* Data shown
··········
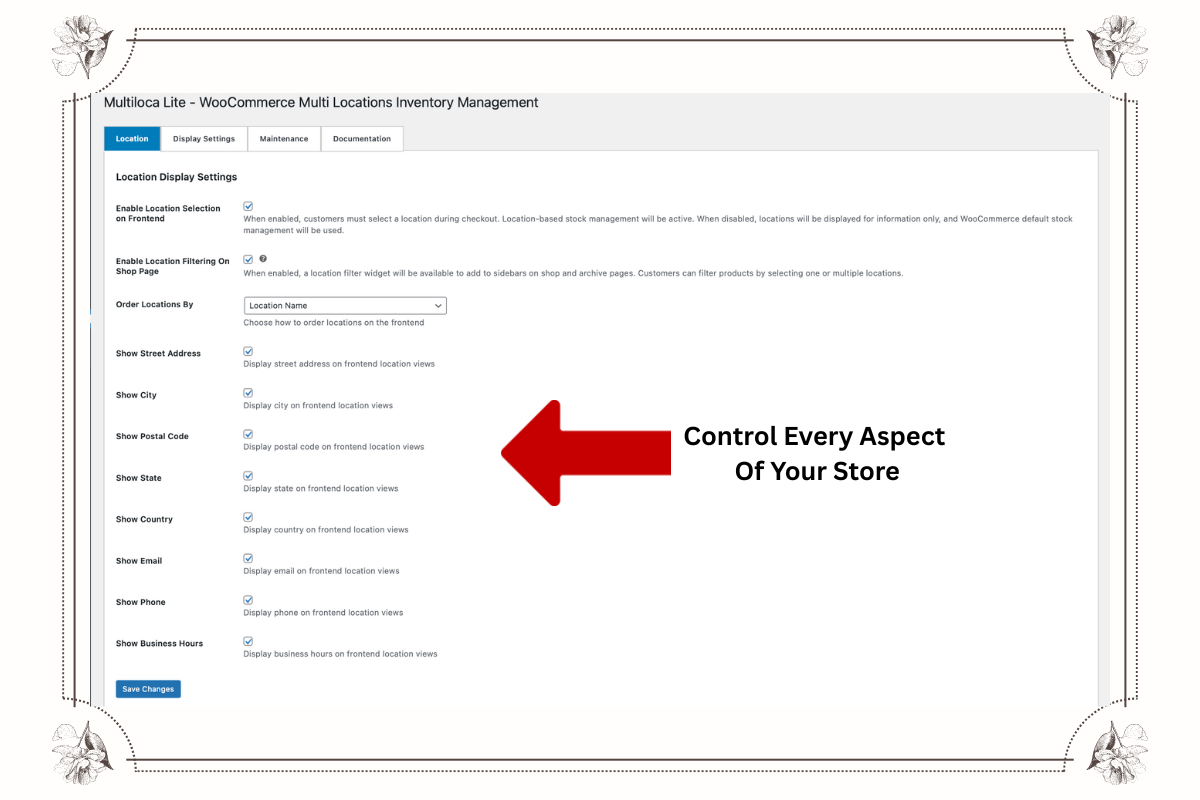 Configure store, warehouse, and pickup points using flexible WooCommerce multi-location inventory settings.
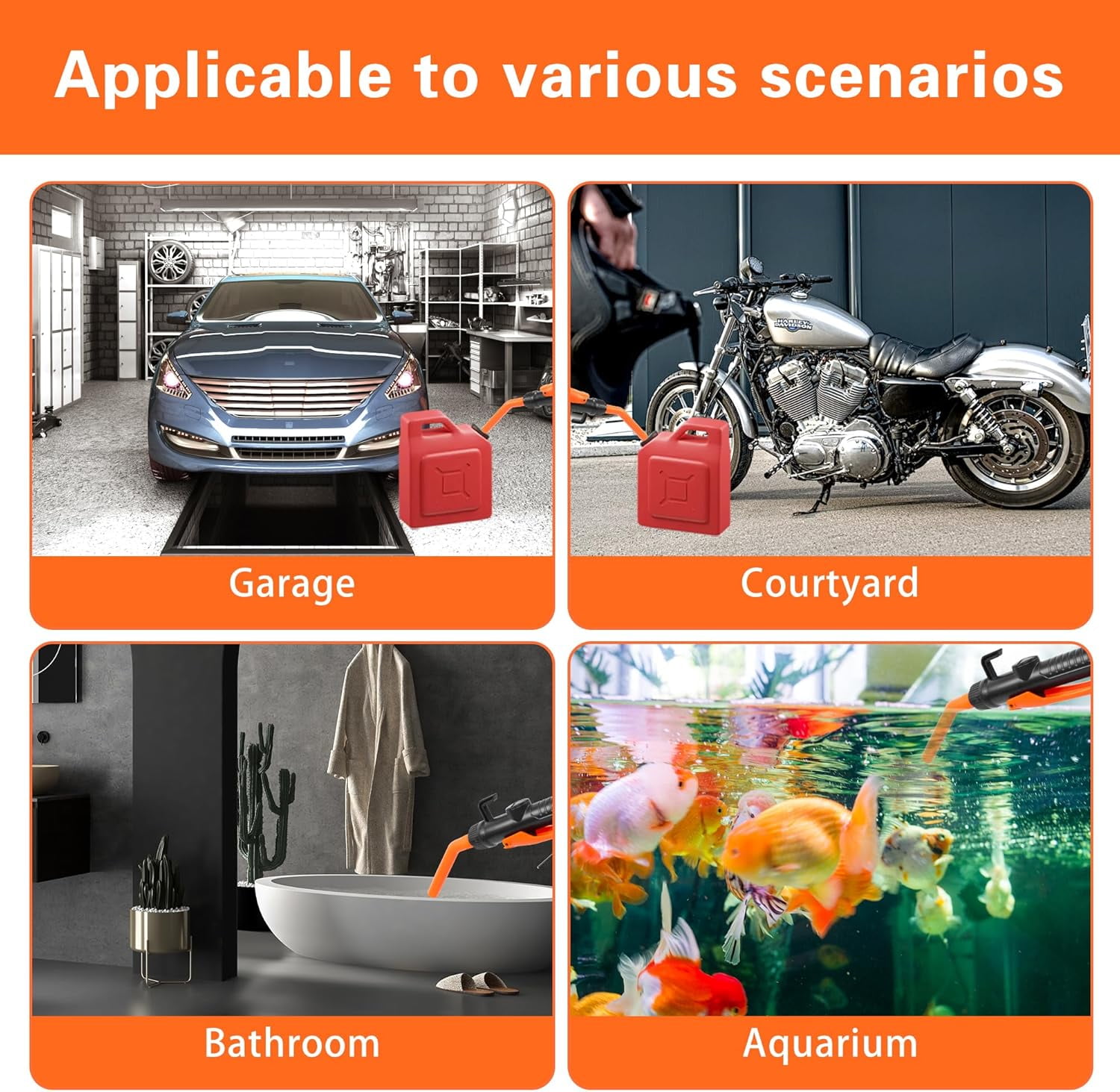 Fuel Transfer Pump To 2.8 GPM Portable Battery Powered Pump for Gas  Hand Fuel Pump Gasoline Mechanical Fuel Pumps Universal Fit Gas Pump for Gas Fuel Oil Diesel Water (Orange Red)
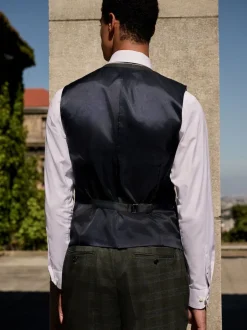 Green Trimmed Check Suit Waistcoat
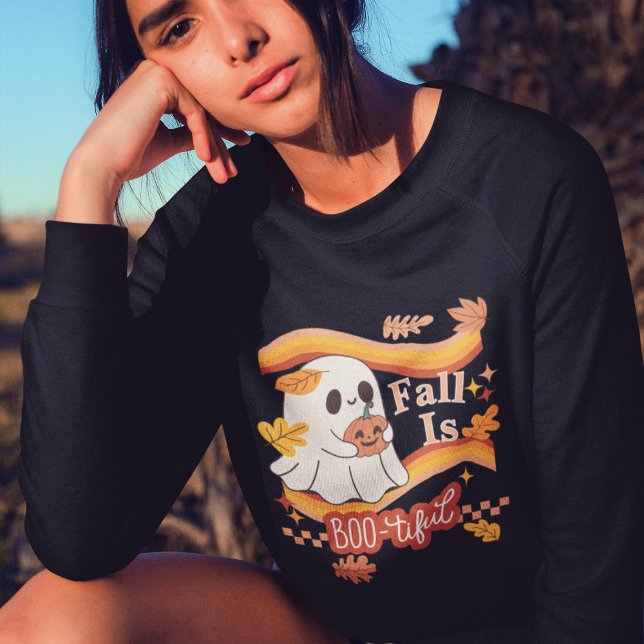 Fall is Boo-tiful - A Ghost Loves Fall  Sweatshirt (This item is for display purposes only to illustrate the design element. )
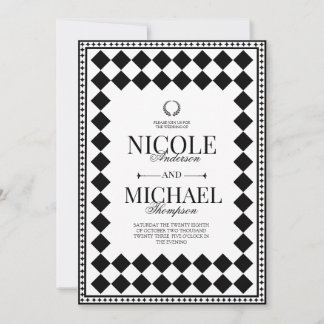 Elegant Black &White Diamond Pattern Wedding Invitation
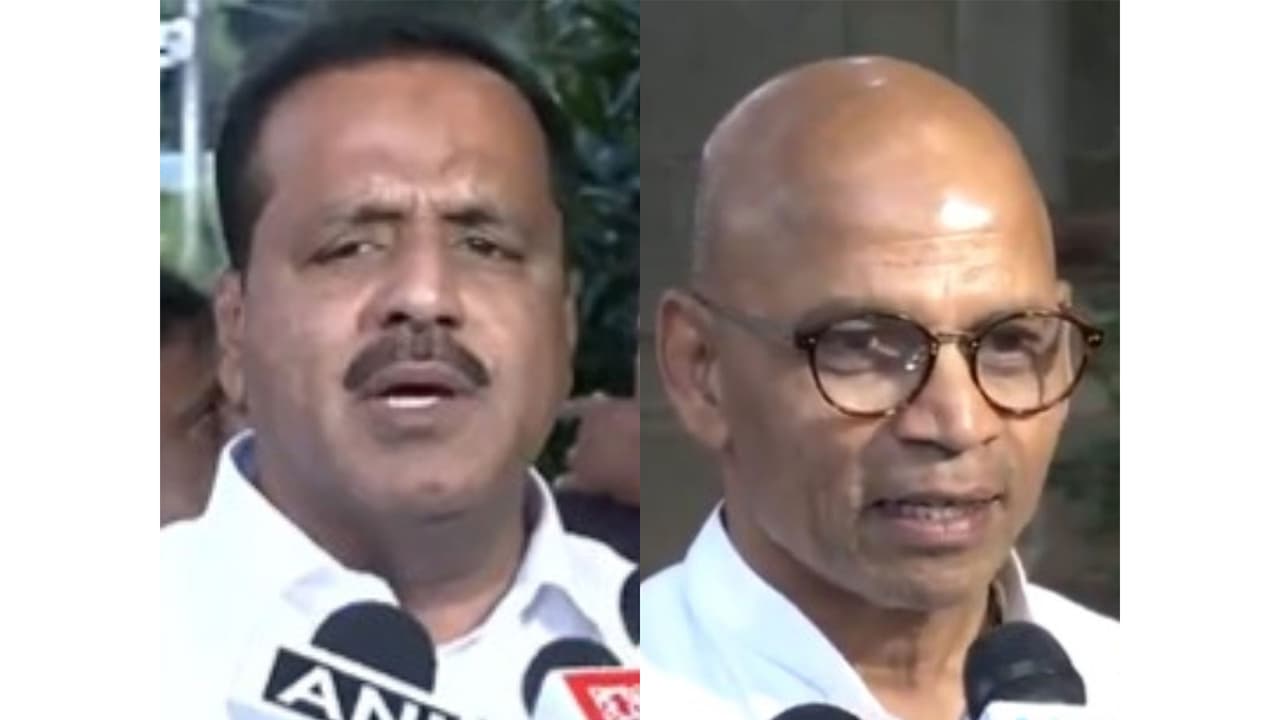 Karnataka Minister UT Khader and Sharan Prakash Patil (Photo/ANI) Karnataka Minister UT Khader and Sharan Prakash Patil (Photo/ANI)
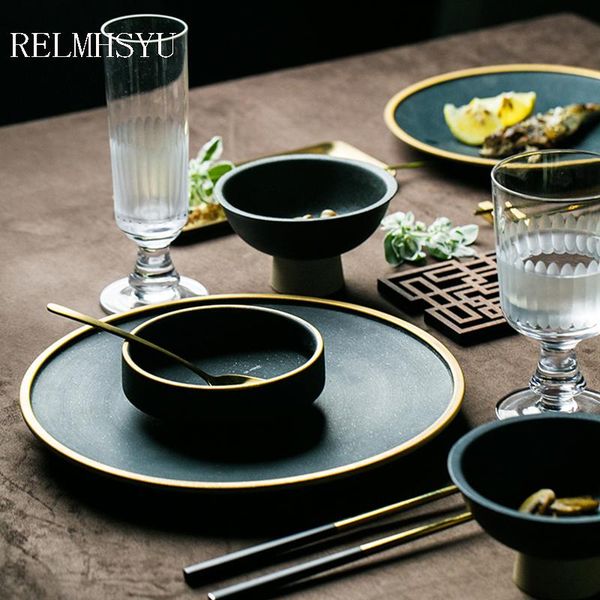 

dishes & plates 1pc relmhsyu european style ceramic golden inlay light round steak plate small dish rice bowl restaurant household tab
··········
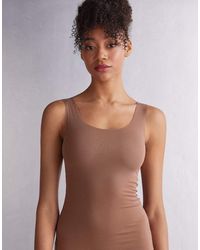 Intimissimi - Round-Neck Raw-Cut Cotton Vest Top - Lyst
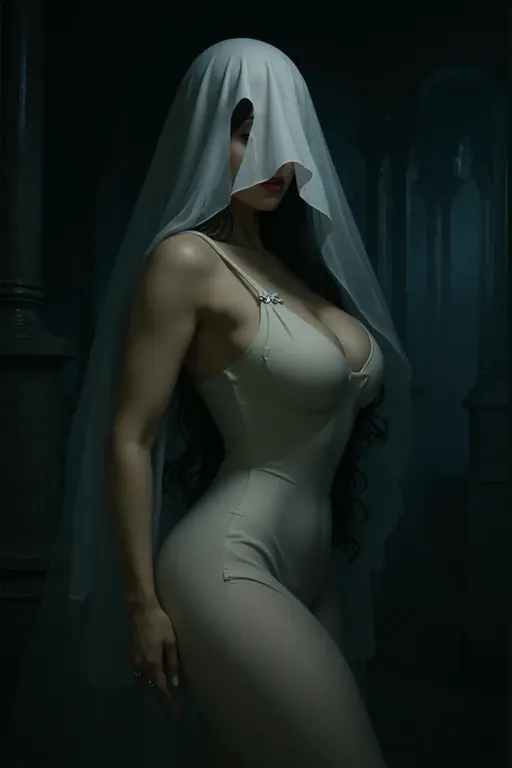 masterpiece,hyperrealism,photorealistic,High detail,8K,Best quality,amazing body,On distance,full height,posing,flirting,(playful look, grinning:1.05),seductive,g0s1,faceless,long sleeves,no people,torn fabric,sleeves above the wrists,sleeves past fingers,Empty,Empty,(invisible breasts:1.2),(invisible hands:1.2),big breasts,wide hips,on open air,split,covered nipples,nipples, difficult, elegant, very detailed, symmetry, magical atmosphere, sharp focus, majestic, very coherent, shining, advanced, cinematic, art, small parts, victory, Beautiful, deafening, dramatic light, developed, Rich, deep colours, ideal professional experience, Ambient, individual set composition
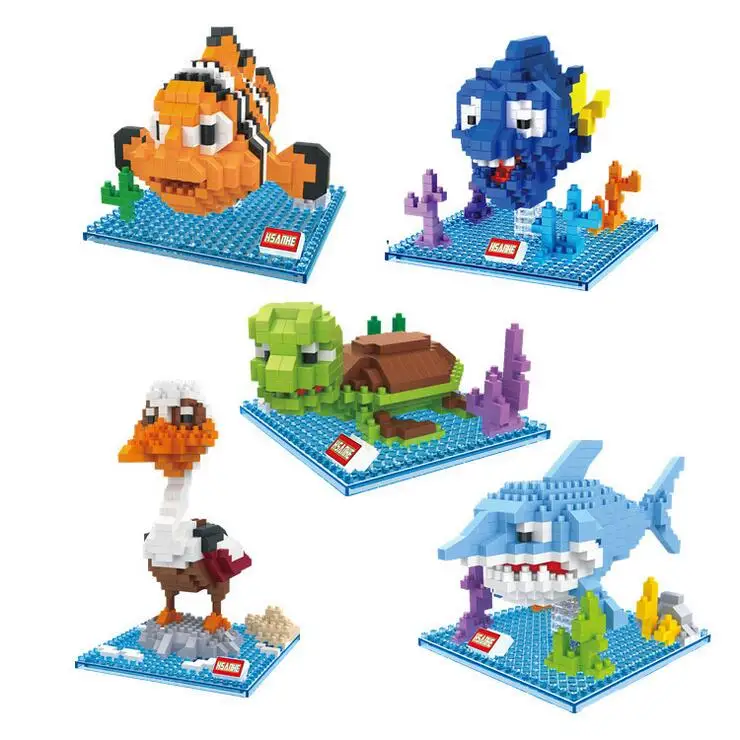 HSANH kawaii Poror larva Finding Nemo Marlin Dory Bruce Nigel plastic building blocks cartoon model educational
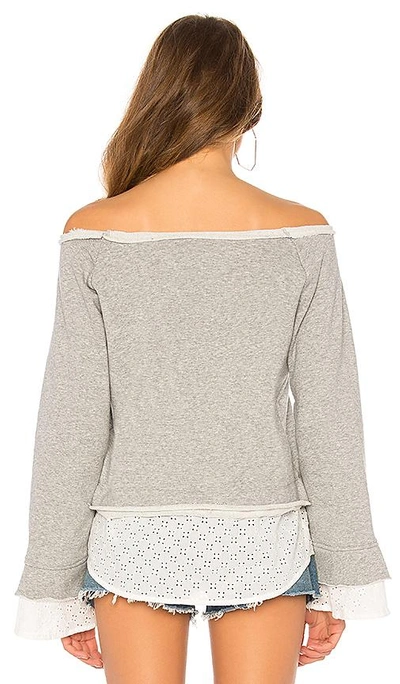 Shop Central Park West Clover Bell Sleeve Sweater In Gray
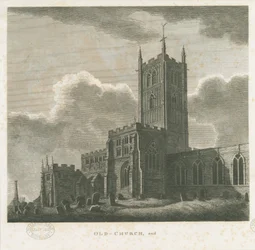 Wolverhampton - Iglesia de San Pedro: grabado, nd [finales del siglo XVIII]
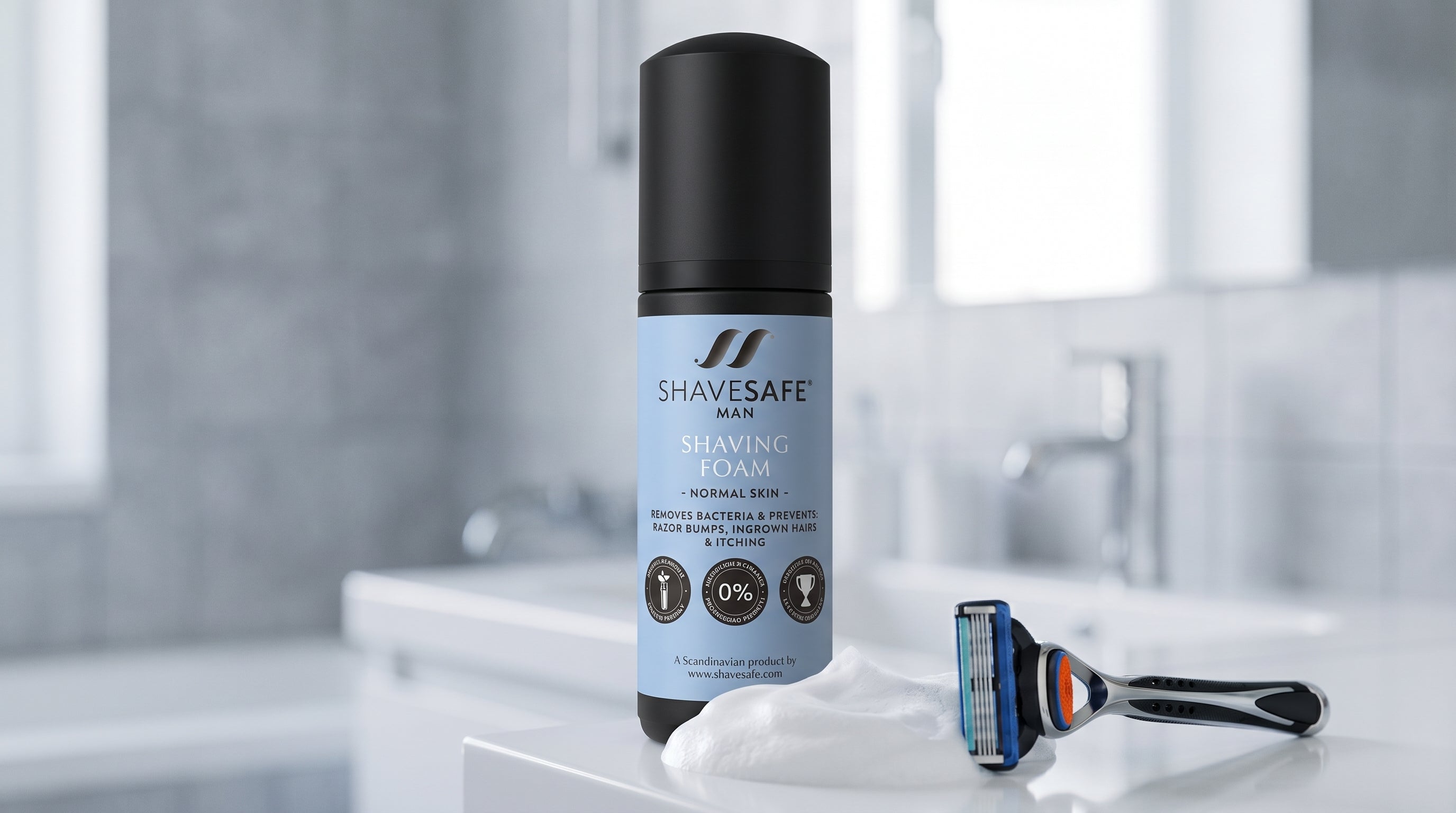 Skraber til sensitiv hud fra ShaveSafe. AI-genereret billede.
··········
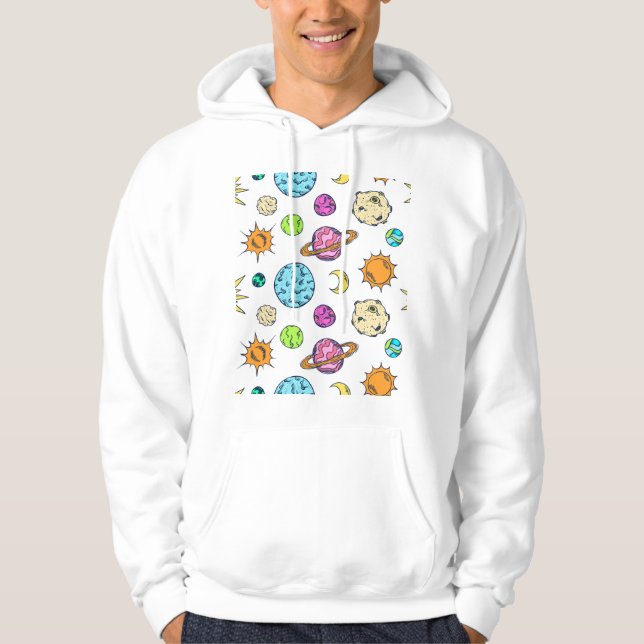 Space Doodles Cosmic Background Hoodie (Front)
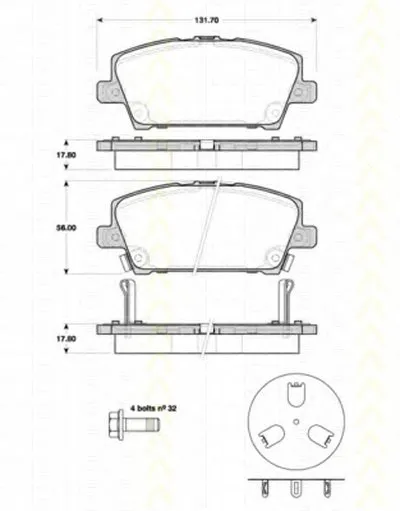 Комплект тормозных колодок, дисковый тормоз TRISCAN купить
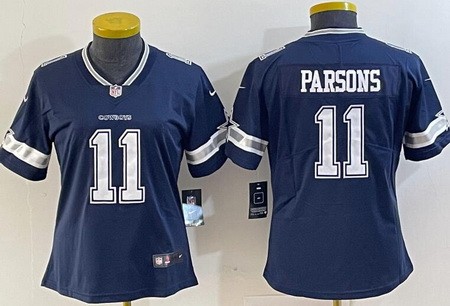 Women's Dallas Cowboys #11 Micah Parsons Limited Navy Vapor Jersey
··········
What is needed is an exact copy of the lines above, from the one holding "Green Trimmed Check Suit Waistcoat" down to the one holding "dishes & plates", with those two included and the pictures left out.

 Green Trimmed Check Suit Waistcoat
 Fall is Boo-tiful - A Ghost Loves Fall  Sweatshirt (This item is for display purposes only to illustrate the design element. )
 Elegant Black &White Diamond Pattern Wedding Invitation
 Karnataka Minister UT Khader and Sharan Prakash Patil (Photo/ANI) Karnataka Minister UT Khader and Sharan Prakash Patil (Photo/ANI)

dishes & plates 1pc relmhsyu european style ceramic golden inlay light round steak plate small dish rice bowl restaurant household tab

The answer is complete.